Task objective:
Starting with the line that holds "我多想快快长大 /周煜程/耘歌音乐", repeat each line through the last one below, exactly. Pictures stay out.
---- Input data
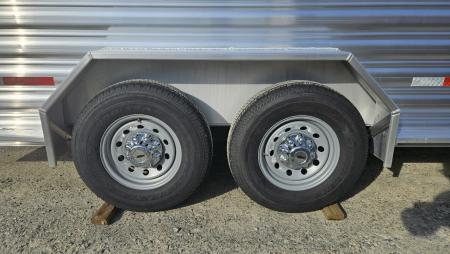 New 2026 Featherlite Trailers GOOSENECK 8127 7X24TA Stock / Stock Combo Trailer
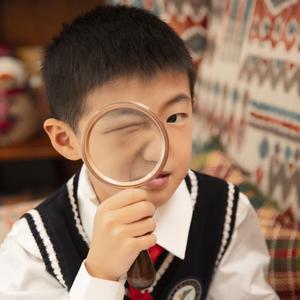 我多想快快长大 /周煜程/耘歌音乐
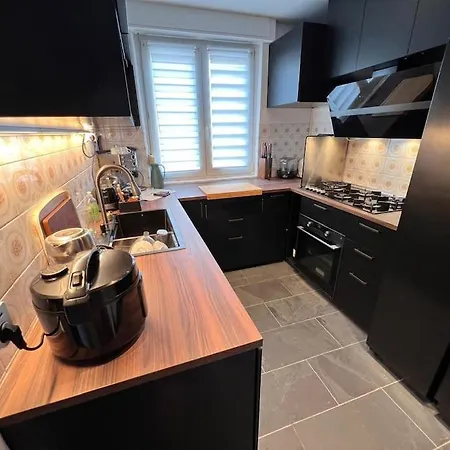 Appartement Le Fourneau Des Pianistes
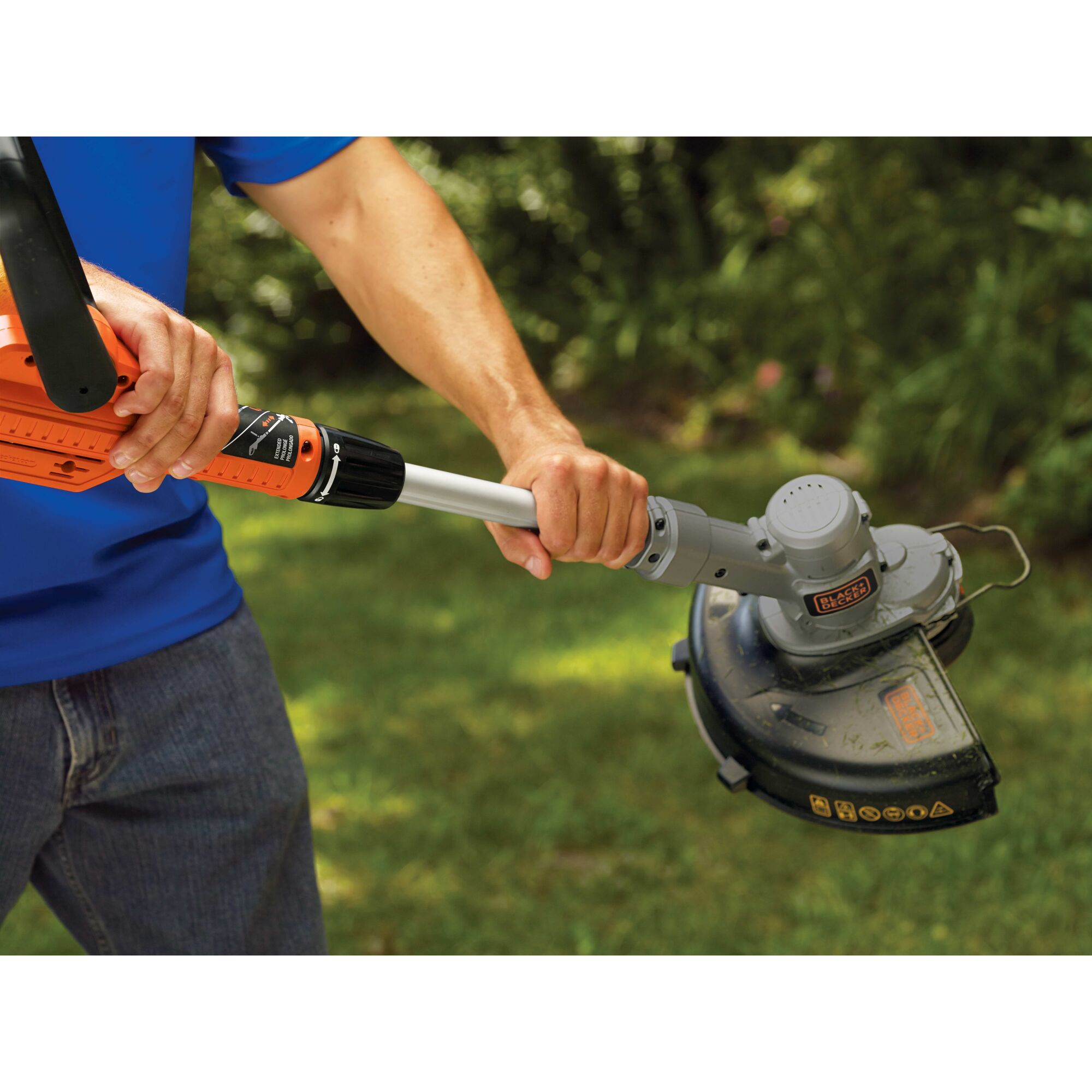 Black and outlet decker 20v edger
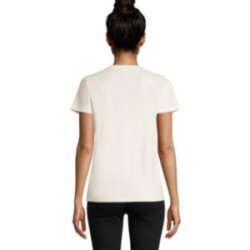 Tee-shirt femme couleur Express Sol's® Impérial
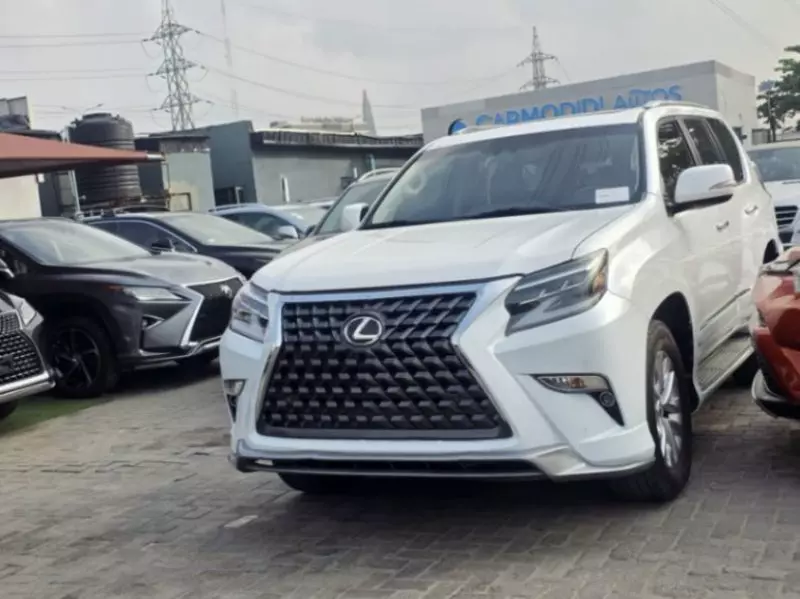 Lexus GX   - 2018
--------
Response area:
 我多想快快长大 /周煜程/耘歌音乐
 Appartement Le Fourneau Des Pianistes
 Black and outlet decker 20v edger
 Tee-shirt femme couleur Express Sol's® Impérial
 Lexus GX   - 2018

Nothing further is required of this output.